Em primeiro lugar, não houve qualquer reflexão acerca do que se deveria privatizar entre as centenas de empresas estatais criadas durante o século XX (a maioria, curiosamente, no período militar, o que desmoraliza a noção de gorilas como “representantes da direita”). Tudo bem que siderurgia não tivesse lá muito interesse estratégico para o país, mas era realmente necessário privatizar todas as empresas de telefonia estatais? Não teria sido melhor abrir a concorrência ao setor privado e, mantendo-as, garantir um mínimo de competição entre as empresas?

No fim das contas, as únicas empresas que ficaram a salvo da sanha privatista do Governo Fernando Henrique – Petrobras, Caixa Econômica Federal e Banco do Brasil – só não foram privatizadas porque o desastre econômico já estava feito e o governo não tinha mais força política suficiente para bancar a empreitada. Sobre isso, não custa lembrar que, uma semana depois da desvalorização do Real em 1999, a revista Veja defendeu o queima das três empresas como uma forma de “restabelecer a confiança dos mercados”.

Em segundo lugar, a escolha de como seriam privatizadas as empresas estatais não poderia ter sido pior. Em quase todos os casos, montavam-se consórcios reunindo fundos de pensão de estatais ou, então, bancados com dinheiro do BNDES. Ou seja: o “investidor” não precisava entrar com dinheiro nenhum. Bastava a disposição para assumir o negócio.

Pra piorar, em razão disso, era o governo quem definia, ao fim e ao cabo, quem ganharia a empresa. Isso favoreceu o aparecimento de diversos afortunado$, que herdaram patrimônios formidáveis sem desembolsar um só ceitil. Não à toa, pipocaram escândalos de toda a ordem, antes e depois, levando Elio Gaspari a cunhar o neologismo que melhor representaria todo o processo: “privataria”.

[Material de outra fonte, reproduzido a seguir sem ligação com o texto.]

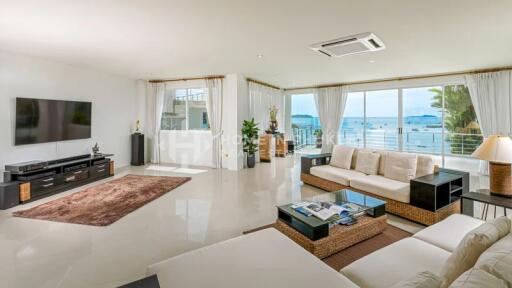 Panoramic Sea View Villa in Ao Por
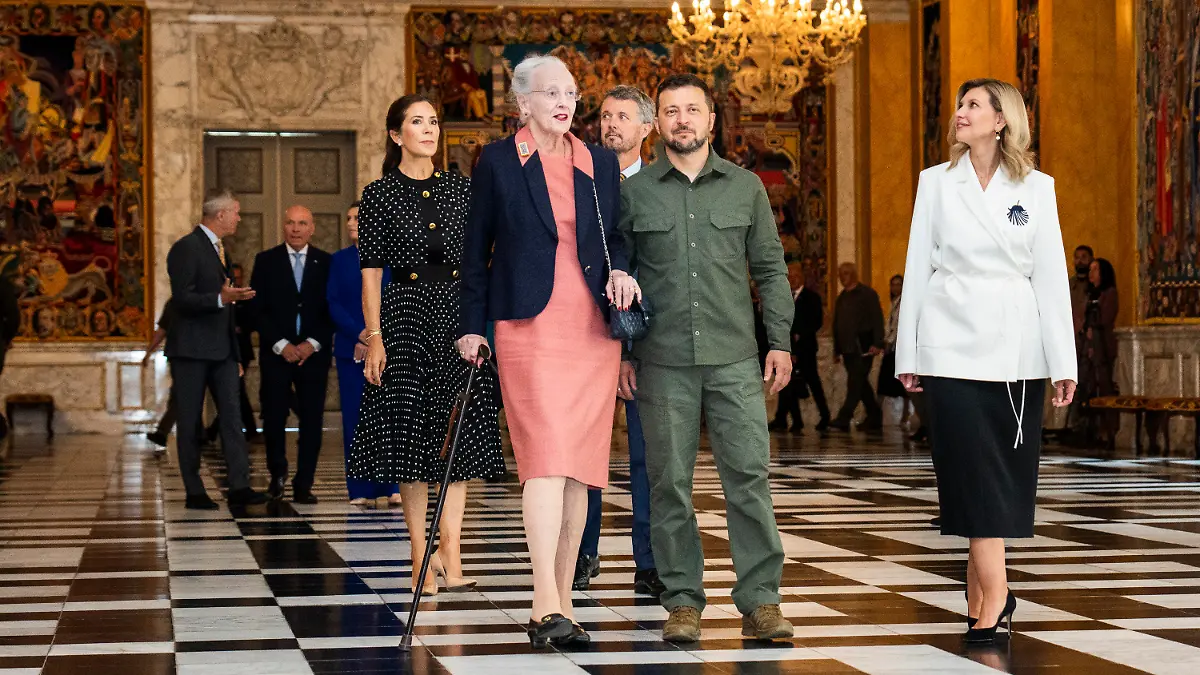 21.08.2023, Dänemark, Kopenhagen: Königin Margrethe II. von Dänemark (M,l-r) empfängt Wolodymyr Selenskyj, Präsident der Ukraine, und seine Frau Olena Selenska, First Lady der Ukraine, im dänischen Parlament, in Begleitung ihres Sohnes, Kronprinz Frederick (hinten,r-l) und seiner Frau, Kronprinzessin Mary. Selenskyj hat Dänemark für seine langanhaltende militärische Unterstützung und die jüngsten Zusagen zur Lieferung von F-16-Kampfjets gedankt. Foto: Martin Sylvest/Ritzau Scanpix Foto/AP/dpa +++ dpa-Bildfunk +++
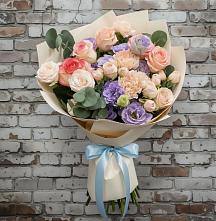 Букет цветов из:  Розы, Лизиантусы и Гвоздики в Манычском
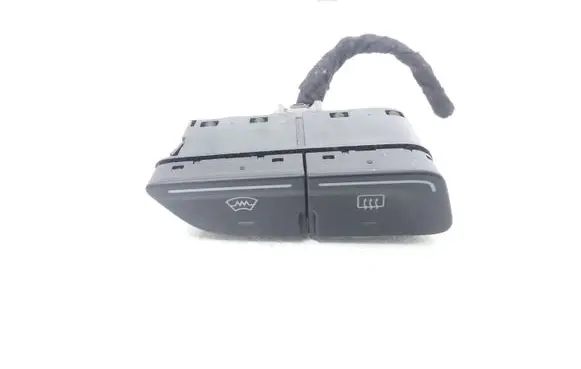 Ford Focus Windscreen/window heater switch AM5T18K574AB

Em terceiro lugar, ninguém estabeleceu um objetivo a ser alcançado com as privatizações brasileiras. Quer dizer, havia um único objetivo, tautológico por definição: transferir o patrimônio público para mãos privadas. Mas o que se faria com o dinheiro auferido nas privatizações? Seria utilizado para abater a dívida pública? Seria investido em melhoria da educação?

Quando o processo de privatização se acelerou em 1995, a dívida pública brasileira representava menos de 20% do PIB, mais ou menos uns R$ 800 bilhões em dinheiro de hoje. Com a venda de estatais, obteve-se, por baixo, algo em torno de R$ 400 bilhões. Isso permitiria reduzir a dívida pública à metade. No final do Governo Fernando Henrique, a dívida tinha triplicado de tamanho, chegando a estratosféricos 60% do PIB. Quanto à educação, continuamos na mesma, a ponto de a grande briga dos royalties do pré-sal ter sido para destinar 100% da renda para a educação de base.

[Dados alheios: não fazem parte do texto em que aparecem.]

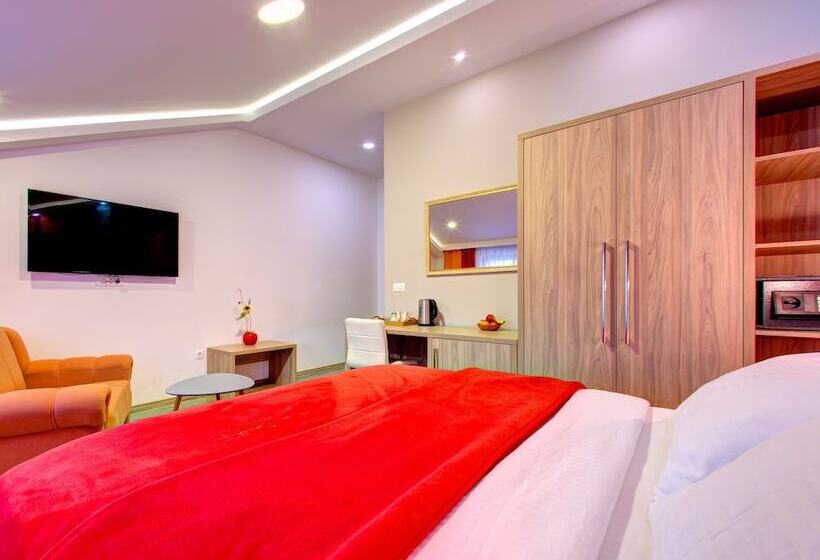 اتاق سوپریور, Villa Cardak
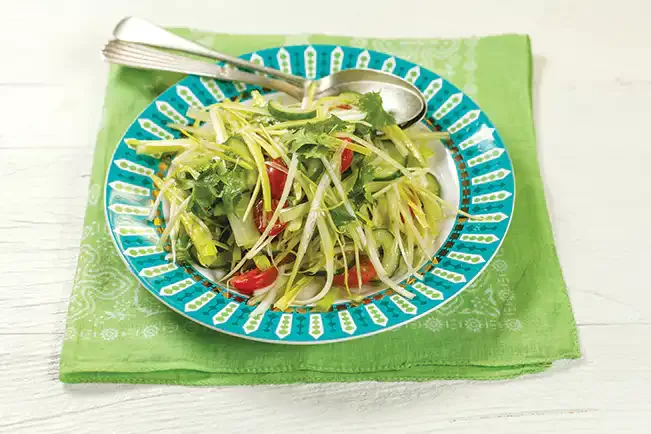 Receita de Salada crua de alho-poró com pepino e tomate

Ao invés de aplicar o dinheiro em coisas úteis, ou para melhorar a situação fiscal do país, a privatização serviu apenas para sustentar uma política cambial insana e, por tabela, garantir a reeleição de Fernando Henrique Cardoso. Não por acaso, o “legado” da era FHC garantiu a Lula duas eleições e ainda o direito de eleger sua sucessora, sem que o PSDB não tenha passado de um sparring nas últimas três eleições presidenciais.

Infelizmente, desde então o debate acerca da privatização tem sido interditado no país. Mesmo os seus antigos patrocinadores a renegam, a ponto de um ex-candidato a presidente (Alckmin) ter sido forçado a “prometer” na campanha eleitoral que não privatizaria mais nada. Com isso, algo que deveria ser visto exclusivamente sob um enfoque econômico, acabou demonizado por razões ideológicas. No rame-rame das eleições, ganha não só quem vende melhor o seu, mas quem consegue falar o pior melhor sobre o peixe do adversário. Enquanto a privatização é transformada na Geni das eleições, o debate que realmente interessa vai sendo deixado de lado.

E só quem perde com isso é o Brasil.